Reproduce exactly the line containing "this 414×276 image." and every line after it, through the last line of the records below; add nothing.

↓↓↓

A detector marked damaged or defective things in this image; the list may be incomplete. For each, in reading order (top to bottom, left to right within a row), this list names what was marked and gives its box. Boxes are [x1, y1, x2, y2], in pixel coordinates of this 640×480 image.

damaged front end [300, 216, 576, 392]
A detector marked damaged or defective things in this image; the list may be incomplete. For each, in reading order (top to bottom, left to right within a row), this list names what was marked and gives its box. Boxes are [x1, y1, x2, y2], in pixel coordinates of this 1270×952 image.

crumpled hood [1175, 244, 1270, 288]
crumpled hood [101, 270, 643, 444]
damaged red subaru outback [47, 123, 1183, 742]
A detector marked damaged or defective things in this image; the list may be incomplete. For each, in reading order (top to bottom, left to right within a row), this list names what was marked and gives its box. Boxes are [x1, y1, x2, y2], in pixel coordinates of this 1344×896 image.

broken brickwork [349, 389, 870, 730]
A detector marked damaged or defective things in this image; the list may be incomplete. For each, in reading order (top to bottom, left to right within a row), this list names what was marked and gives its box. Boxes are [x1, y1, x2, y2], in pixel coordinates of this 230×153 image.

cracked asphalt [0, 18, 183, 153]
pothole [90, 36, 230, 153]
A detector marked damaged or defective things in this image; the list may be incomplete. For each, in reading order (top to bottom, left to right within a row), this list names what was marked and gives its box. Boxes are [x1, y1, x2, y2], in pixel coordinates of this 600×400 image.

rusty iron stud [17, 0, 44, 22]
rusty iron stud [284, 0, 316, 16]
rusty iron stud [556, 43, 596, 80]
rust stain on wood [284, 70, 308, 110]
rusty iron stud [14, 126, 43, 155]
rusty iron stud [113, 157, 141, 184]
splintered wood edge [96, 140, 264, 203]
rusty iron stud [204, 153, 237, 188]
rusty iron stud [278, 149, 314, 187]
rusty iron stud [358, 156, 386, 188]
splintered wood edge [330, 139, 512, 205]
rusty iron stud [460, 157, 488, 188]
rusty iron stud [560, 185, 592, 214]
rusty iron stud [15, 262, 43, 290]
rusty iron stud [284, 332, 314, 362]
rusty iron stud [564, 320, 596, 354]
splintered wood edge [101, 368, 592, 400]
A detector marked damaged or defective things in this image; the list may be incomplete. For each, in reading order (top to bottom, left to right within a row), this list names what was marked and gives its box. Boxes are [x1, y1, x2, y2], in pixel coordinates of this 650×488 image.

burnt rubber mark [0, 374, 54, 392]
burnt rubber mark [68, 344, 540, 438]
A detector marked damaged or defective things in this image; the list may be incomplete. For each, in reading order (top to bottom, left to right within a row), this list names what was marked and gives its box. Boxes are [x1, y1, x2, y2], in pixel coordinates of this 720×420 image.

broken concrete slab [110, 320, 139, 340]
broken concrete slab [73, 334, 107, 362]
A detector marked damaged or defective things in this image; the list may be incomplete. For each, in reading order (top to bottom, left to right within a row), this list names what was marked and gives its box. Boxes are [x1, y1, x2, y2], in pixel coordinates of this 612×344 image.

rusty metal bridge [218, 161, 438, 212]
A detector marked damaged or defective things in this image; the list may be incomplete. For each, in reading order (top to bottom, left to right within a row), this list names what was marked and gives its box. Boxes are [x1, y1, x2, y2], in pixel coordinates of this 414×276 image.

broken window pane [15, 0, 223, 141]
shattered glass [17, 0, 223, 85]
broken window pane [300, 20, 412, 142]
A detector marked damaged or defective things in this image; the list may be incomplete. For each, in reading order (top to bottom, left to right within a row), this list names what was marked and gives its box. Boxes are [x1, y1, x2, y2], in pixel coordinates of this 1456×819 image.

↑↑↑

*EXERCISE OUTPUT*:
A detector marked damaged or defective things in this image; the list may be incomplete. For each, in reading order (top to bottom, left to right within a row), this list names what was marked and gives its box. Boxes are [x1, y1, x2, y2], in pixel coordinates of this 414×276 image.

broken window pane [15, 0, 223, 141]
shattered glass [17, 0, 223, 85]
broken window pane [300, 20, 412, 142]
A detector marked damaged or defective things in this image; the list may be incomplete. For each, in reading order (top to bottom, left to right within a row), this list names what was marked and gives its box. Boxes are [x1, y1, x2, y2], in pixel coordinates of this 1456×819 image.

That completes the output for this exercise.